The time of availability

It’s now December 2023 and Marisha Rasi-Koskinen is in Paris for the promotion of the French translation of her 650-page novel REC (2020) that won another prestigious literary award, the Runeberg Prize, in 2021. The story revolves around the friendship between two teenagers, Lucas and Cole, in a world dominated by images and social media.

“In today's 'recording culture', kids are always available, reachable by parents or others, and they can be captured on screen at any time. The effect this continuous request for availability will have on their personalities will only be apparent in retrospect,” she muses. 

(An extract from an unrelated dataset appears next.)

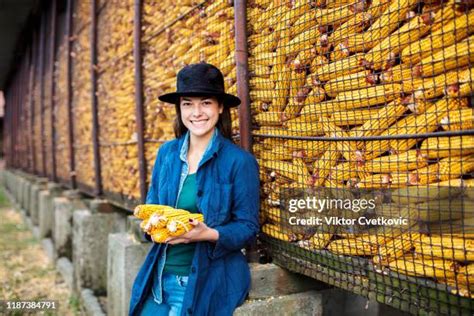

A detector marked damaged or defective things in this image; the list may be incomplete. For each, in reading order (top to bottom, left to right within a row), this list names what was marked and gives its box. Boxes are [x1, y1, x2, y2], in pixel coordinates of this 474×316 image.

rusty metal frame [233, 0, 252, 153]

 In today's 'recording culture', kids can be captured on screen at any time

We can feel the psychologist's calm and reassuring presence in her posture, folded hands resting on lap. Yet her scarlet hair, the fact that she opts for vegan appetizers and her curiosity for everything in the margins remind us of the rebellious teenager. She says she still borrows stacks of books and likes to write in the public library, a place she sees as “a metaphor for the welfare state: anyone can go there, it costs nothing and is open to all”.

Her experience working as a psychologist – years of decoding emotions, detecting reasons behind learning difficulties, and listening to the concerns of children, teachers, and parents – how did this influence her writing? “Psychology, particularly social psychology, and writing are closely related for me. The realization of how we constantly create reality in our conversations, and how we have different identities and different ways of telling our story depending on whom we are speaking to, has brought a multi-perspective nature to my writing. There is always the perspective of the other behind every story.”

Bringing out the inner teenager

Rasi-Koskinen can write in a way that allows her works to contain a different story on the second reading. While fully embracing the complexity of her style, the author assures us that she is more indulgent when writing for the young. “I try to accompany them through the story and out, to be more plot-driven and rely more on the action. It is great fun! However, my YA books are not exactly easy – I write for people who already love to read,” she admits. As another proof that teenagers are not discouraged by her demanding stories, The Dark Side of the Sun won the Nuori Aleksis prize in 2020, awarded by a jury of teenage readers.

When she writes for the young, she gives the floor to the teenager in her. “I write with her, and she is also my implied reader. The adult me is there to support, but has no right to judge or give lessons to her,” she says. 

“It’s good to have easy-reading books to instil a love of reading, but we also need more ambitious youth literature that introduces literary elements of adult books. When writing for the young, I don't think we should avoid any particular topics, but they do deserve books that take place in their world. So that you don’t have to read about relationship problems of fortysomethings when you’re fifteen,” she remarks.

Young people deserve books that take place in their world

Marisha Rasi-Koskinen's books are also a way of reconciling with the so-called “awkward age”, that fragile moment when all doors are open, at least in theory. “As much as we idealize our adolescent years, they are often also depicted as shameful and strange. Interestingly, many people wish to have children, but who wants to have a teenager? Where does this need to be negative about the young people we once were emerge from?” she wonders. 

So, if she could travel in time, how would the teenage version of Marisha see her older self today, surrounded by Parisian journalists and being filmed by her French publisher for a promotional video? Marisha Rasi-Koskinen bursts into laughter. “I'd like to think she’d be relieved if she saw this future: ‘that person isn't such a dumbhead after all’.”